そのため、このような継続的に借り入れをすることが予想される取引(銀行取引や手形・小切手などの取引)については、一回の権利の設定をすれば、何度もその枠を利用できる方が便利といえます。
このような理由から継続的な取引をする場合には、根抵当権が利用されます。

 

保証について

保証とは、融資や資金調達の際にその相手の資力や信用力が十分でない場合に、それを補完する目的で他人にも返済の責任を負わせるものです。

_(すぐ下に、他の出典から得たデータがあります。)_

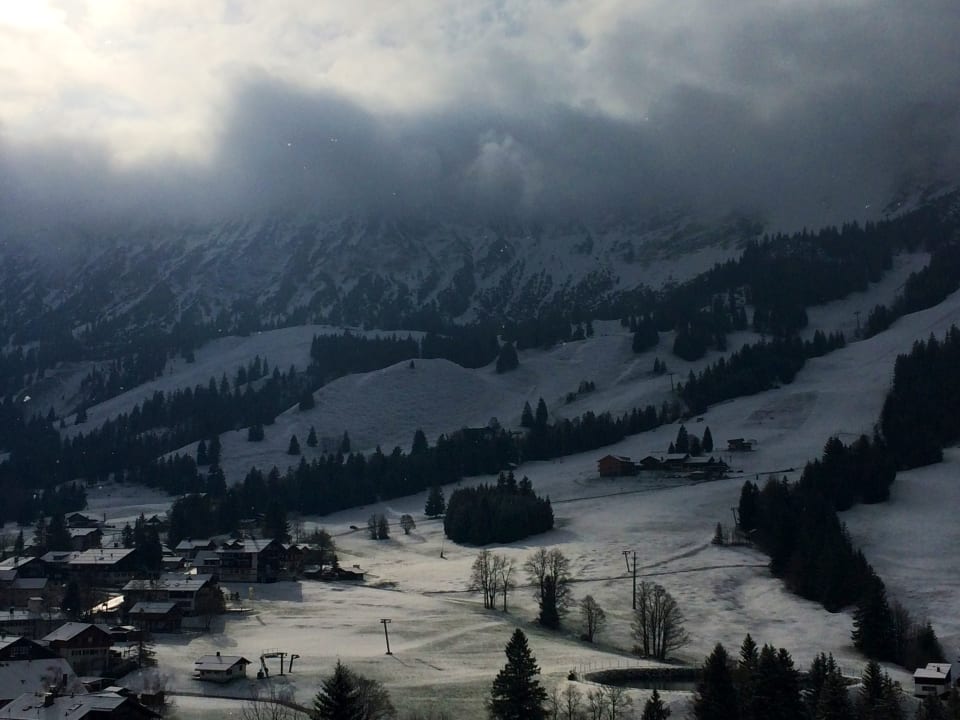 Ausblick Oberjoch - Familux Resort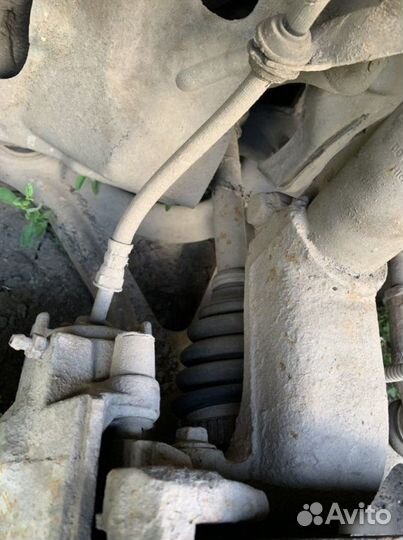 Привод передний левый Ford Mondeo 2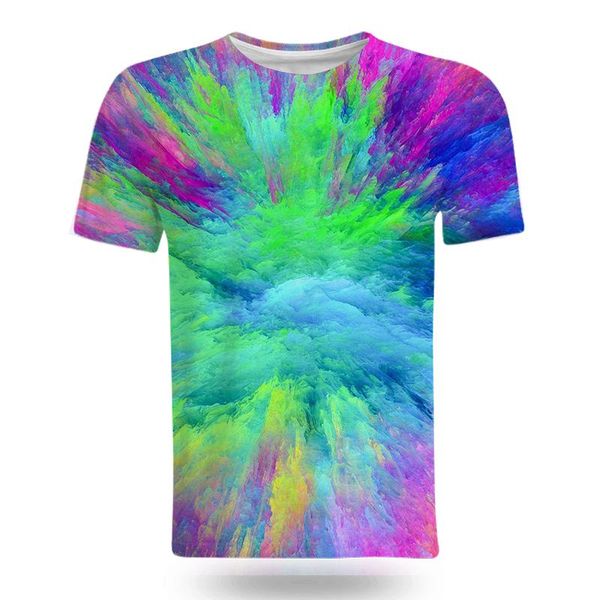 men's t-shirts 2021 summer and women's 3d printing seven-color rainbow short-sleeved comfortable fashionable clothing, White;black
men's t-shirts 2021 summer and women's 3d printing seven-color rainbow short-sleeved comfortable fashionable clothing, White;black
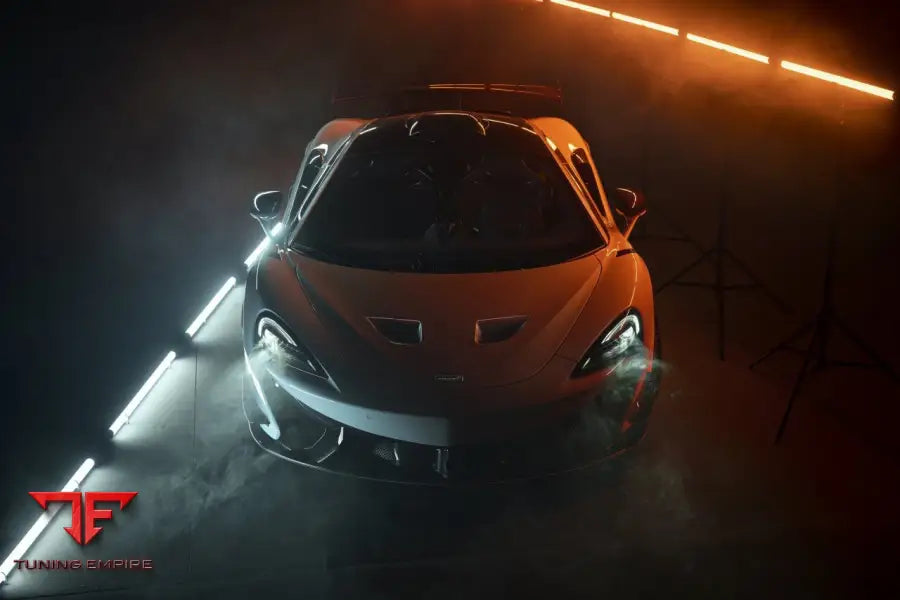 NOVITEC MCLAREN 620R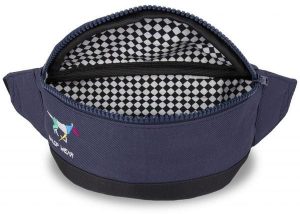 Saszetka nerka jeździecka GALOP WEAR z haftem konia. Niebieskie nerki i saszetki GALOP WEAR, bez wzorów. Za 99,00 zł.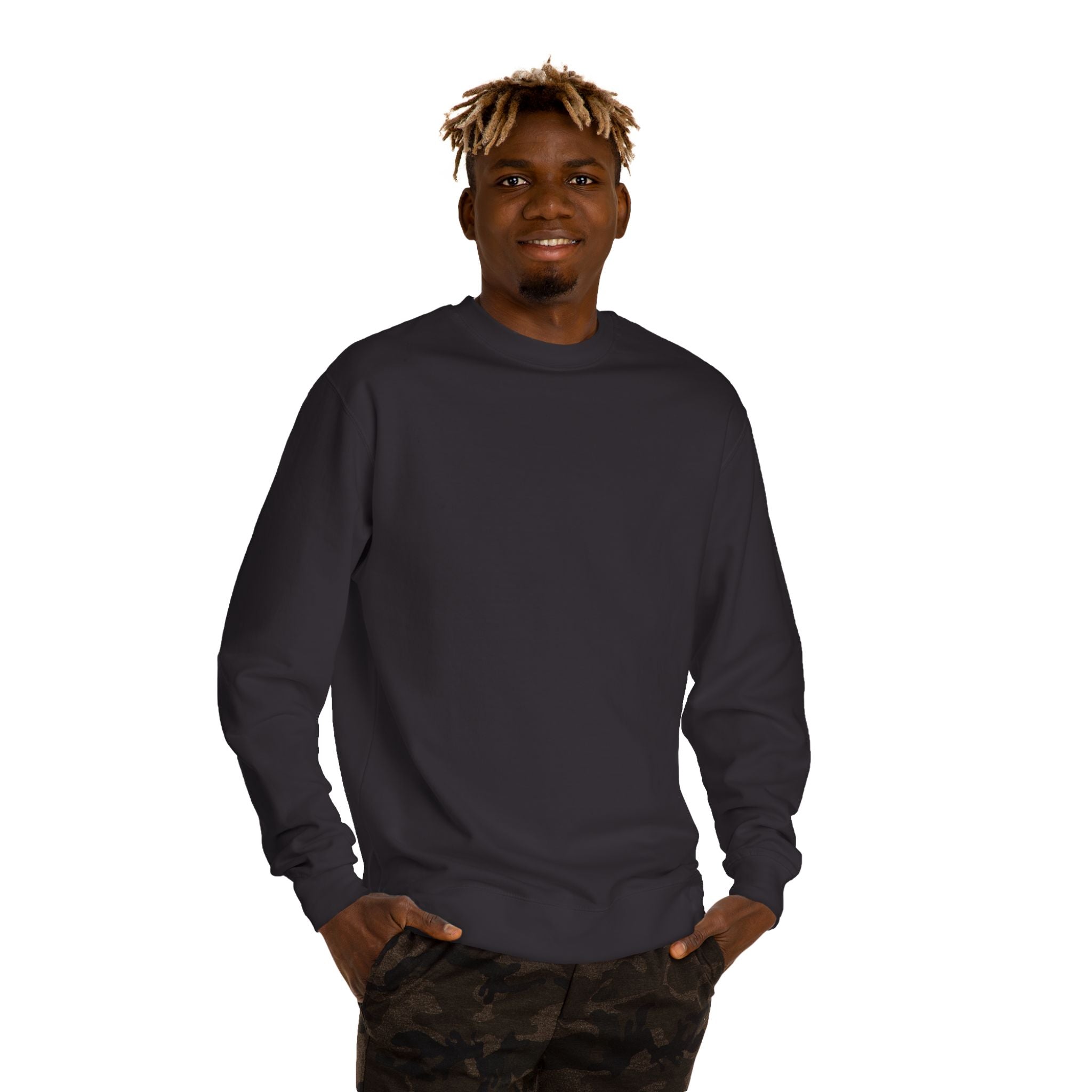 Classic Crewneck Sweatshirt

なお、保証の形式には、通常の保証と連帯保証がありますが、一般的には連帯保証となります。また、保証人には個人だけでなく、法人もなることができます。

保証と連帯保証の違い

通常の保証と連帯保証の違いは「催告や検索の抗弁権」と「分別の利益」があるかどうかの違いによります。
通常の保証人には、これらの権利がありますが、連帯保証人には認められていないため、連帯保証人は本人と同様の重い責任を負うこととなります。

「催告や検索の抗弁権」

催告の抗弁権は民法452条に規定されている権利で、債権者がいきなり保証人に債務の履行を請求してきた場合に「まず主たる債権者に債務の履行を催告してほしい」と主張することができる権利です。
ただし、債権者が破産や行方不明の場合には、行使することができません。

「検索の抗弁権」

検索の抗弁権は民法453条に規定されている権利で、債権者から債務の履行を請求された保証人が、債務者に弁済の資力があり、かつ、執行が容易であることを証明したときは、債権者は、まず主たる債務者の財産に対して執行しなければならないというものです。
例えば、もし、保証人が「主債権者は強制執行できる預金を持っている」と証明したら、債権者はまずその預金から取り立てなければなりません。

「分別の利益」

分別の利益は、民法の第456条に規定された権利で、保証人が複数人いる場合、各保証人は平等の割合で分割された額の範囲で保証債務を負担すればよいという権利です。
例えば、主たる債務者が2,000万円の債務を負っており、保証人が2人いる場合に、保証人Aが債権者から2,000万円を支払えと請求された場合には、Aは分別の利益(この場合は2,000万円÷2人)を主張して1,000万円だけを支払うことができます。

 

日本政策金融公庫や制度融資の無担保無保証の種類と違い

日本政策金融公庫や制度融資では、いくつかの種類の無担保・無保証融資を取り扱っていますが、その内容には次のような特徴と違いがあります。

通常の融資の場合

融資額に見合った担保または代表者の連帯保証が必要となります。

 

新創業融資制度を利用した場合

決算を2期終えていない方が利用できる融資制度です。
最大3,000万円まで、無担保・無保証で借入れをすることができます。
また、法人による借入れの場合には、代表者が連帯保証人とならないことができます。
※ ただし、この場合には、金利が0.1%上昇します。

 

担保を不要とする融資制度を利用した場合

税務申告を2期以上行っている方が対象となります。
最大4,800万円まで無担保・無保証で借入れをすることができます。
ただし、法人による借入れの場合には、代表者が連帯保証人となる必要があります。

 

制度融資

8,000万円まで無担保・無保証で借入れをすることができます。
ただし、法人による借入れの場合には、代表者が連帯保証人となる必要があります。

 

まとめ

融資を受けるときの担保や保証の基本について解説しました。担保や保証の有無は経営者の人生を左右する可能性がある重要な事項です。しっかりと理解した上で、融資を受けるようにしましょう。